ガラス製のオイルランプです。上部にはデイジーの模様を施したすりガラスのグローブを備え、下部に至るまで透明なガラスで構成された一体型の姿が特徴的です。
ヴィクトリア朝期のオイルランプといえば、真鍮やブロンズの台座を持つ豪華なタイプが主流で、当時の中産階級の家庭では家具的な調度品として位置づけられていました。その中にあって、本作のように台座までもガラスで統一したランプはやや異色の存在です。金属製に比べ安価で、より広い層の家庭に普及しやすかったと考えられます。
一方で、この総ガラス製の構造は、廉価な実用品としての意味合いにとどまらず、光を透かすガラスの美を隅々まで取り入れようとする発想でもありました。
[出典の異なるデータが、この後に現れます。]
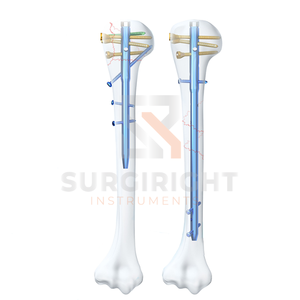 Implante Ortopédico Médico Profesional de Acero Inoxidable, Clavo Interlocking Multiloc Humeral, Manual, Certificado CE por Surgiright - Product Image 3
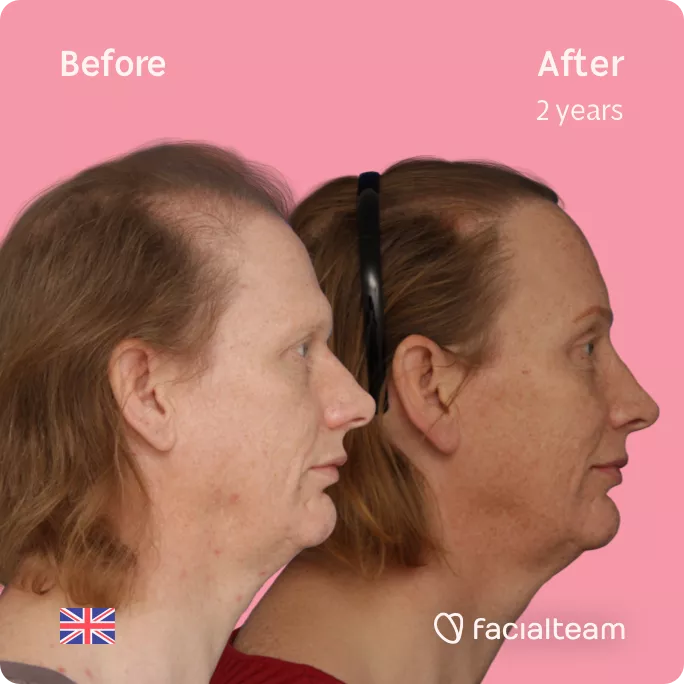Square Side image of FFS patient Joanne showing the results before and after facial feminization surgery with Facialteam consisting of forehead with SHT, rhinoplasty feminization surgery.
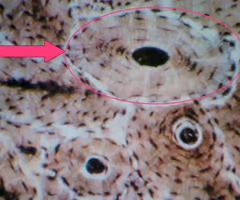 <p>structural unit of compact bone</p>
掃除の容易さや実用性を備えつつ、生活の場に工芸的な透明感をもたらした点は、民衆的な美意識をよく映しています。
今日では、真鍮台座の華美なランプに比べると残存数が少なく、生活史的な背景を伝える資料として貴重です。華やかさよりも日常性に根ざしたガラスランプであり、ヴィクトリア朝期の暮らしの中で実際に使われた「庶民の明かり」として評価すべき一点といえるでしょう。